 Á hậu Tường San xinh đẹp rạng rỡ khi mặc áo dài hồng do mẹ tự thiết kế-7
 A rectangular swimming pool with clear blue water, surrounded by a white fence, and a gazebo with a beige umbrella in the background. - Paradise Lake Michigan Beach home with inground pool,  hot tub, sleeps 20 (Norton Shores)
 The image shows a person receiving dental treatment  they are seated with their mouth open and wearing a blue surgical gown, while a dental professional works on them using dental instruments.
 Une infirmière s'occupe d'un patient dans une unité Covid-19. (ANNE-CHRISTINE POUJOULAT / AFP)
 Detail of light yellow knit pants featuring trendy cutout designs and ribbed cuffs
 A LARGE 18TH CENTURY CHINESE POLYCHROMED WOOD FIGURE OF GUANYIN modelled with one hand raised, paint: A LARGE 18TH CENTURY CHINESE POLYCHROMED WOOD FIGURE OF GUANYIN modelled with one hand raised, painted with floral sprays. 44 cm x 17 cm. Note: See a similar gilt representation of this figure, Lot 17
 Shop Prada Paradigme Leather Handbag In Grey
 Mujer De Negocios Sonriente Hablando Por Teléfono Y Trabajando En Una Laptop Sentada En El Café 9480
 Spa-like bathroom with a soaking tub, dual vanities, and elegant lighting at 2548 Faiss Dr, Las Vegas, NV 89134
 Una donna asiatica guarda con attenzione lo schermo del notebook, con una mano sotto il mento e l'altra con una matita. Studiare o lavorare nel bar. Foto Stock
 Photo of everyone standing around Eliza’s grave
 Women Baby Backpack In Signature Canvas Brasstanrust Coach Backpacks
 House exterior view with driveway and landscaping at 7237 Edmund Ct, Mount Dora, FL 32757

==

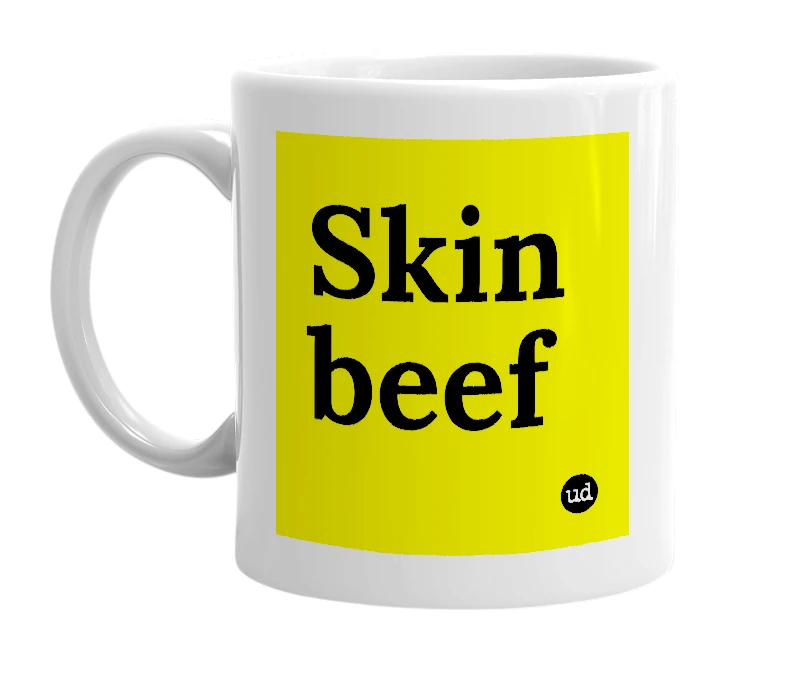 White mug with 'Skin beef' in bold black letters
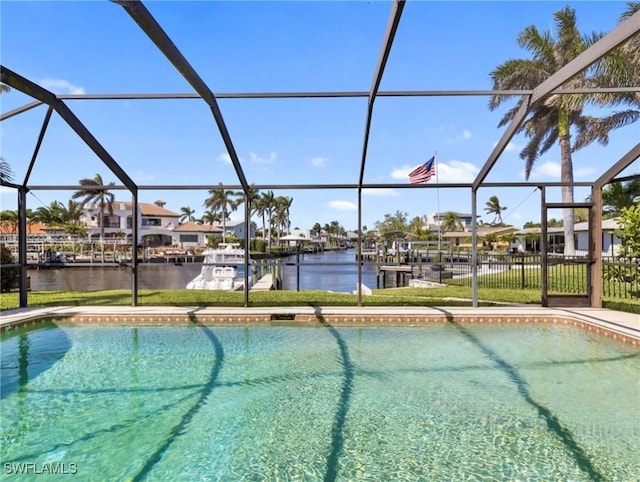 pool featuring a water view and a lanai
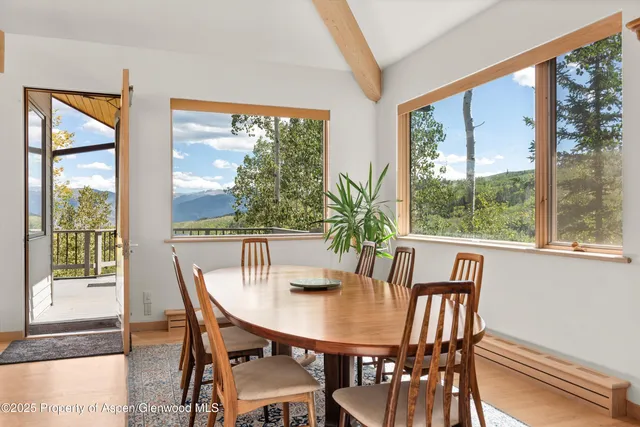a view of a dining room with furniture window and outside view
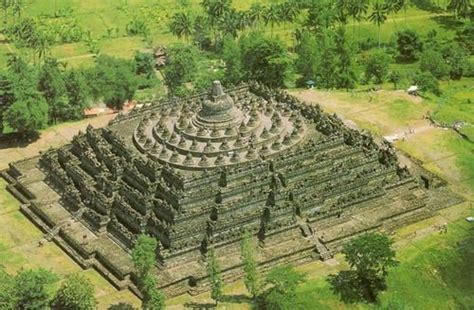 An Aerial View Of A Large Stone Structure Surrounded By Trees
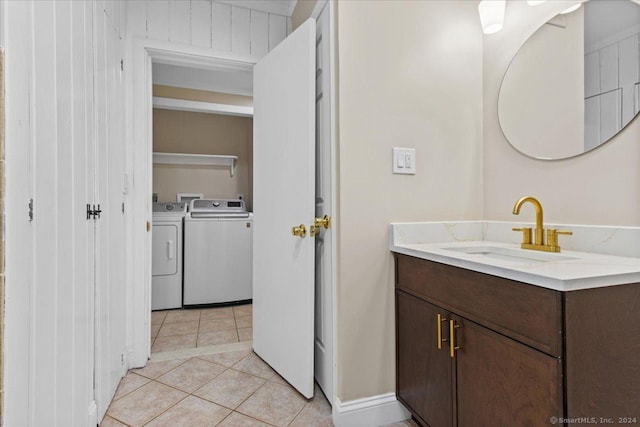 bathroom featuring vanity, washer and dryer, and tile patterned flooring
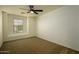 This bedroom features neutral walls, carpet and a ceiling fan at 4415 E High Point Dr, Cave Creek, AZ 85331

* _Aim of the exercise_
Once the line with "Á hậu Tường" is found in the records above, print exactly that line and every line after it through the line with "Detail of light".

* _Written solution_
 Á hậu Tường San xinh đẹp rạng rỡ khi mặc áo dài hồng do mẹ tự thiết kế-7
 A rectangular swimming pool with clear blue water, surrounded by a white fence, and a gazebo with a beige umbrella in the background. - Paradise Lake Michigan Beach home with inground pool,  hot tub, sleeps 20 (Norton Shores)
 The image shows a person receiving dental treatment  they are seated with their mouth open and wearing a blue surgical gown, while a dental professional works on them using dental instruments.
 Une infirmière s'occupe d'un patient dans une unité Covid-19. (ANNE-CHRISTINE POUJOULAT / AFP)
 Detail of light yellow knit pants featuring trendy cutout designs and ribbed cuffs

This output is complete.